Speaking in “Motherese”
“Motherese” is a name researchers give to a style of speech used on babies and very young children. It’s a vocalization in a higher pitched tone of voice — one that is almost musical, and often using many repetitions.
According to experts, a technical way of describing this would be “infant-directed speech.”
In the 1980s, two psychologists at the University of Pennsylvania, Kathy Hirsh-Pasek and Rebecca Treiman, demonstrated that when humans spoke to dogs, they used a language very similar to “Motherese.” They gave this manner of speaking a slang name of “Doggerel,” which is another way of saying “dog-directed speech.”
Additional research over the years has shown that both children and dogs pay closer attention when spoken to in Motherese or Doggerel, Psychology Today reported. More recent studies demonstrated that the brains of young children respond more strongly to Motherese.
Does Motherese Work on Dogs?
A team of investigators at Eötvös Loránd University in Budapest, Hungary, led by Anna Gergely, wanted to find out if dog brains were similarly sensitive to Motherese as the brains of human children.
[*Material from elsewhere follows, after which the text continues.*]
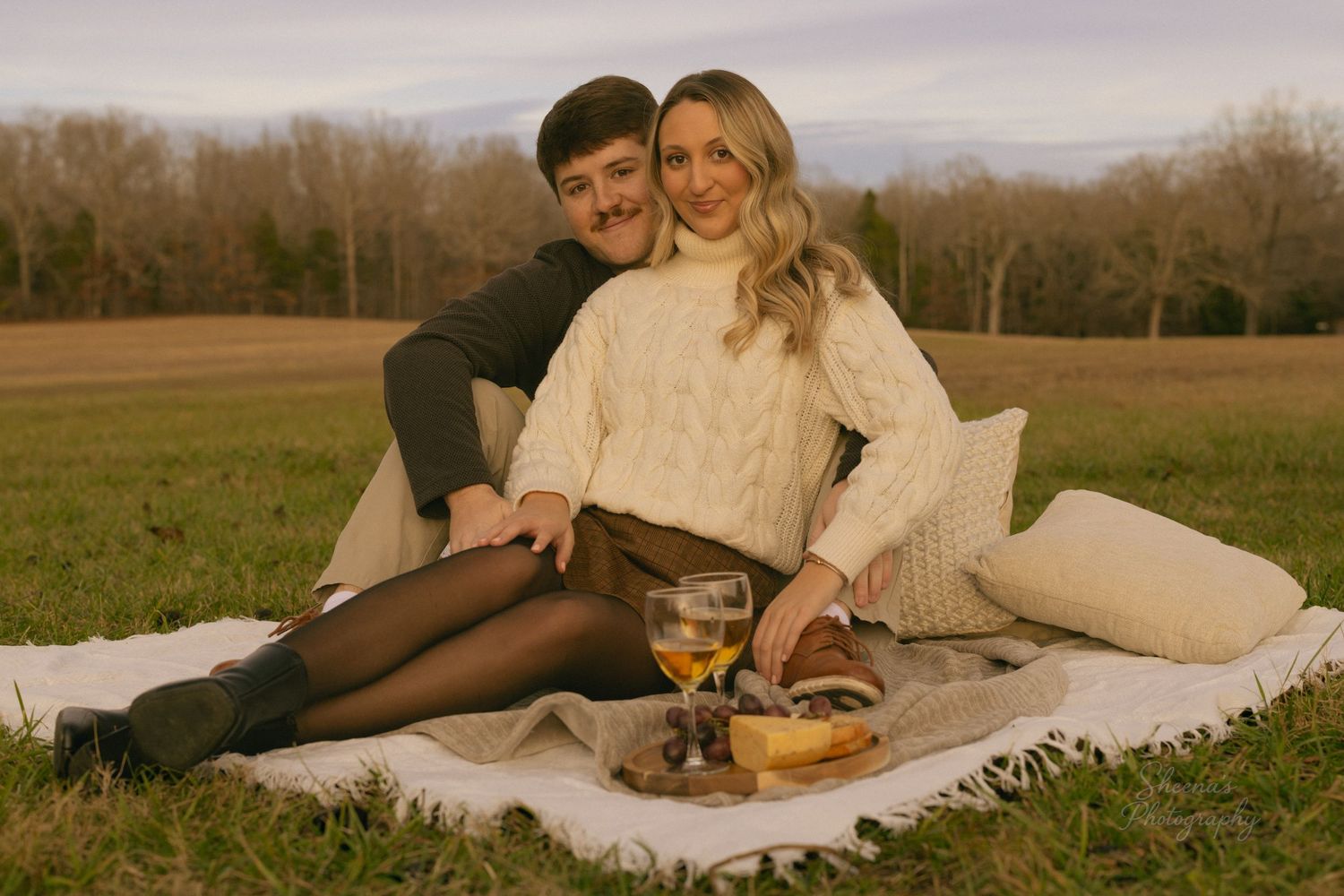 Couple's photos in the fall winter. Photography. Portrait photographer in Henderson, Tennessee. Engagement photos Henderson, Tennessee.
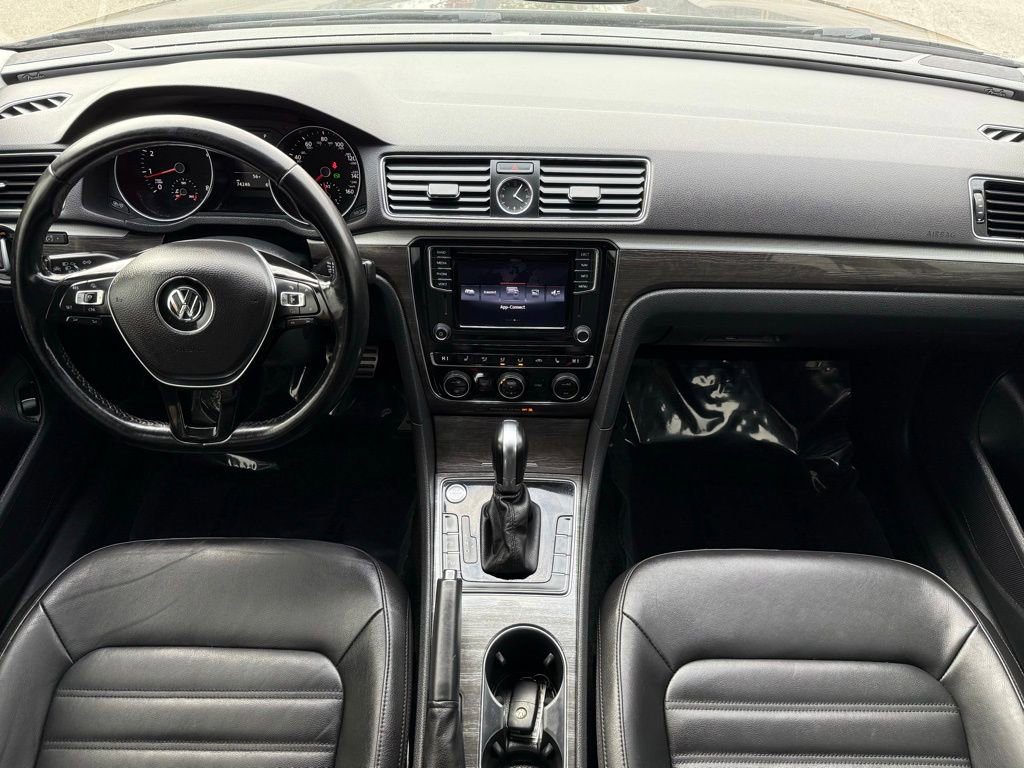 Used 2017 Volkswagen Passat 1.8T SEL Premium image 23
To test this, they measured the brain activity of 19 family dogs. The canines listened to recordings of speech that were directed at infants, adults, and dogs. Each speech sample contained full sentences recorded by both male and female adult speakers the dogs were unfamiliar with. The speakers engaged in normal positive interactions with their own family dogs, their own babies, or another adult.
The researchers used fMRI (functional magnetic resonance imaging) to measure the brain activity of the dogs. The resulting data revealed that the dogs had special response regions on the left side of dog brains that were slightly to the front of the normal auditory response regions. These areas of the brain responded more to dog- and infant-directed speech than they did to normal speech directed at adults.
What the brain imaging revealed was that, just like human children, the brains of dogs are attuned to exactly the kind of “Motherese” speech patterns that humans typically direct at them.
Further, dogs appear especially sensitive to not only dog-directed speech but also infant-directed speech.
Does the Tone of Female Voices Make Women Better Dog Trainers?
Even without the results of how dog’s brains respond to “Motherese” speech, observational evidence seems to indicate that women might be better at dog training than men.
What evidence? A casual accounting will reveal that the overwhelming majority of trainers of companion dogs are women. The data one researcher collected revealed that four out of five companion dog trainers are women.
Just look at the results of dog obedience competitions in 2022. All of the top 10 obedience dogs for this year had female handlers. The probability of this happening by chance is less than one in a thousand (0.001%).
Researchers believe this may not all come down to skills. A major factor could simply be that the brains of dogs are more tuned to the female voice, especially when using “Motherese,” “Doggerel,” or whatever term you want to give dog-directed speech.
Men make up the majority — and do well at — training hunting dogs, protection dogs, and field dogs. But these more “macho” activities are those that many women have a propensity to shy away from. Perhaps if more women gravitated toward these types of dog training, they might dominate those arenas as well.